- About this task
Here the job is to transcribe the data verbatim while leaving each picture out.

- Input data
◆ ◆ ◆ ◆ ◆

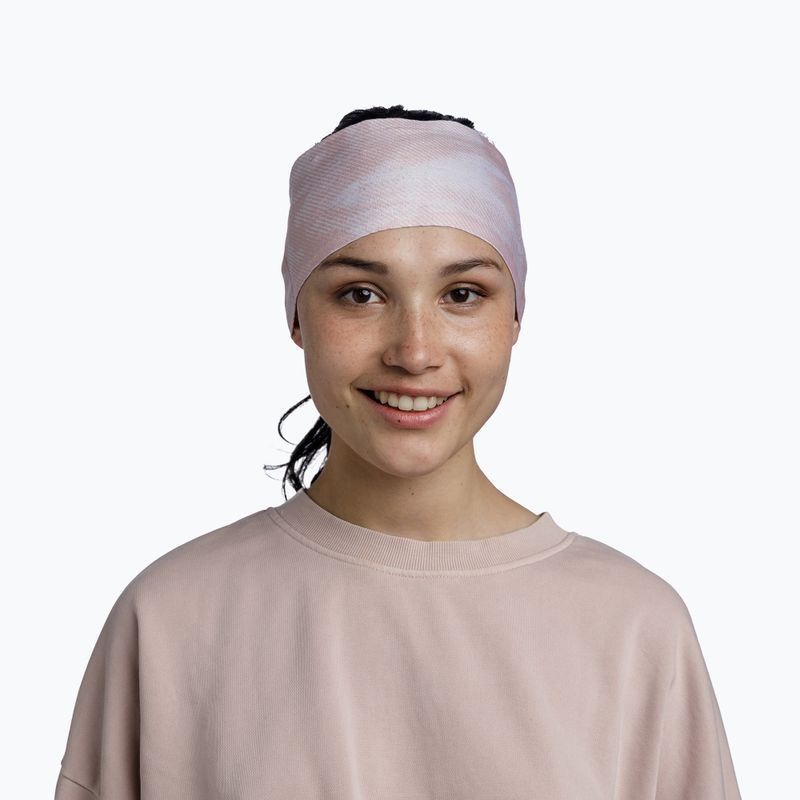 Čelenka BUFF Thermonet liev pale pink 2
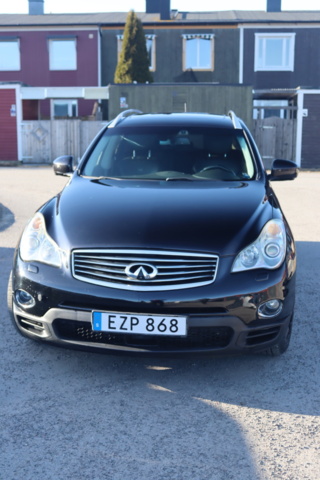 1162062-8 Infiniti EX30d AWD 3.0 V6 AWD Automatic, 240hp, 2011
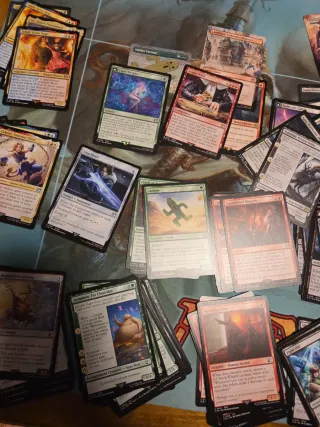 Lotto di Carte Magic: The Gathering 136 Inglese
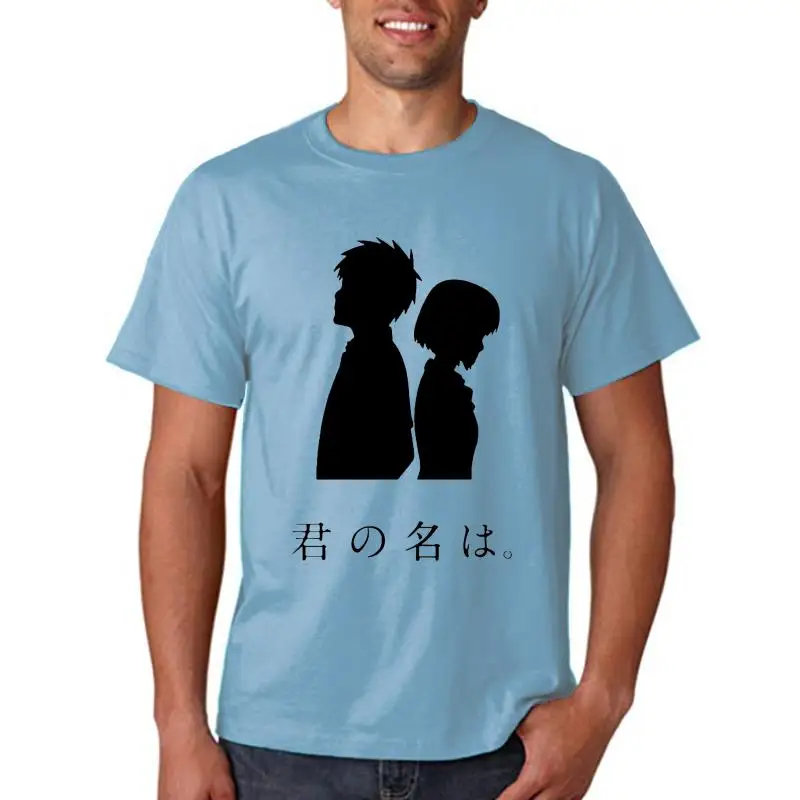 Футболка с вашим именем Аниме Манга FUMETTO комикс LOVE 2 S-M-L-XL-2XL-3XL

◆ ◆ ◆ ◆ ◆

- Response to this task
 Čelenka BUFF Thermonet liev pale pink 2
 1162062-8 Infiniti EX30d AWD 3.0 V6 AWD Automatic, 240hp, 2011
 Lotto di Carte Magic: The Gathering 136 Inglese
 Футболка с вашим именем Аниме Манга FUMETTO комикс LOVE 2 S-M-L-XL-2XL-3XL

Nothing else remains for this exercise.